Late Sunday, already intense heat on Comey from the Clinton campaign and its allies grew even more searing. Senate Minority Leader Harry Reid said Comey “may have broken the law” by engaging in partisan political activity. And former Attorney General Eric Holder became the most prominent figure to join a long list of former prosecutors condemning the FBI director’s decision to disclose the new politically sensitive discovery just 11 days before the presidential election.
The newly found emails number in the tens of thousands or more, with at least some pertaining to the period when Abedin worked for the State Department from 2009 to 2013, first as a deputy chief of staff to Secretary of State Clinton’s and later as a consultant, a law enforcement source said. Some of the messages could already be among the large set of messages the FBI pieced together from a variety of different devices and sources during the yearlong inquiry into Clinton’s private email server, officials said.
Abedin had an account on that server, but there were conflicting news reports about whether the newly found set of messages was from her clintonemail.com account and whether it contained messages exchanged with Clinton.

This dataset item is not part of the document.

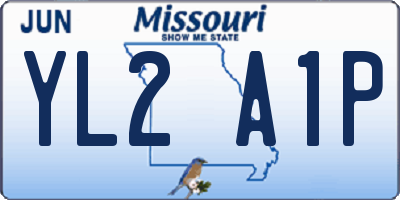 MO license plate YL2A1P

Until the warrant was issued Sunday, legal concerns limited the analysis the FBI could do of the messages.
Sources familiar with the investigation said the laptop was seized early in October as part of an FBI probe into allegations that Weiner, a former congressman, traded sexually-explicit messages with an underage girl.
Despite sharp disagreement with Comey’s decision to publicize the discovery of the new set of emails just days before the presidential election, Justice Department officials pressed quickly for the warrant once they learned of the messages and are trying to organize a quick review of the emails, a U.S. official told POLITICO.
However, it seems impossible that a full analysis will be completed by Election Day on Nov. 8 because if potentially classified messages that haven’t been found before are located, they will have to be farmed out to various intelligence agencies for classification review. That interagency process often takes months.
While Comey’s extensive public comments on the Clinton email investigation have angered many of his current and former Justice Department colleagues, legal experts said they also created awkwardness for prosecutors seeking to draft arguments that would justify a search or seizure warrant for the new batch of Abedin emails.
For months, Comey has been public about his agency’s conclusion that the evidence obtained in a almost-year-long investigation into Clinton’s private server set-up was not remotely close to what would justify filing criminal charges against the former secretary of state or her advisers.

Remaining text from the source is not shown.